Это переодевание, называемое фашизмом, — а фашизм, этот новый мундир капитализма, не будучи неизбежным этапом буржуазного господства, появляется все же повсюду, — имеет целью, прежде всего, разделить силы противника, а именно — одним ударом изолировать и рабочий класс, и социализм, перетянув на свою сторону непролетарскую часть трудящихся масс. Эта тактика долго вырабатывалась; она последовательно, энергично, очень рассчитанно пропагандировалась еще со времени войны, к концу которой правящие классы потеряли почву и запутались.
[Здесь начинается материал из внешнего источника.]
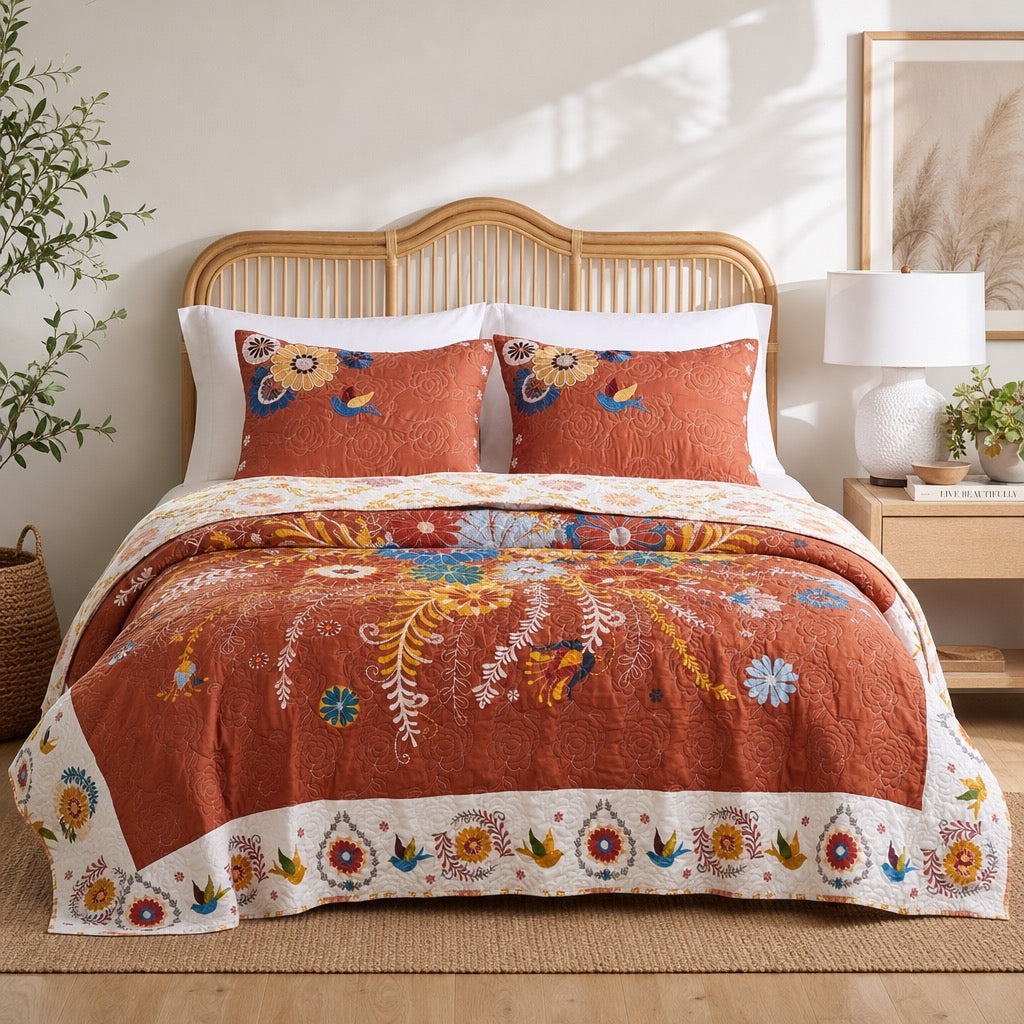 NEW Anthropologie Red Queen Floral Boho Reversible Quilt Bedspread Blanket Sham Set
Недовольство, созданное разочарованиями и тяготами послевоенной жизни, капитализм разжигает и использует при помощи «всенародной» демагогии плюс несколько бесчестных заимствований из терминологии социализма (кража с витрины). Часть горечи, разочарований, гнева народа капитализм попытался направить по определенным каналам — против тех, кого капитализм избирает козлами отпущения.
Одним из них является (помимо социализма) парламентаризм: его надо уничтожить, чтобы уничтожить всякую видимость свободы (сама свобода уже уничтожена). Итак, все грехи Израиля перекладываются на парламентский строй (который, впрочем, неплохо к этому приспособлен). Ловкий способ снять с капитализма ответственность за его преступления.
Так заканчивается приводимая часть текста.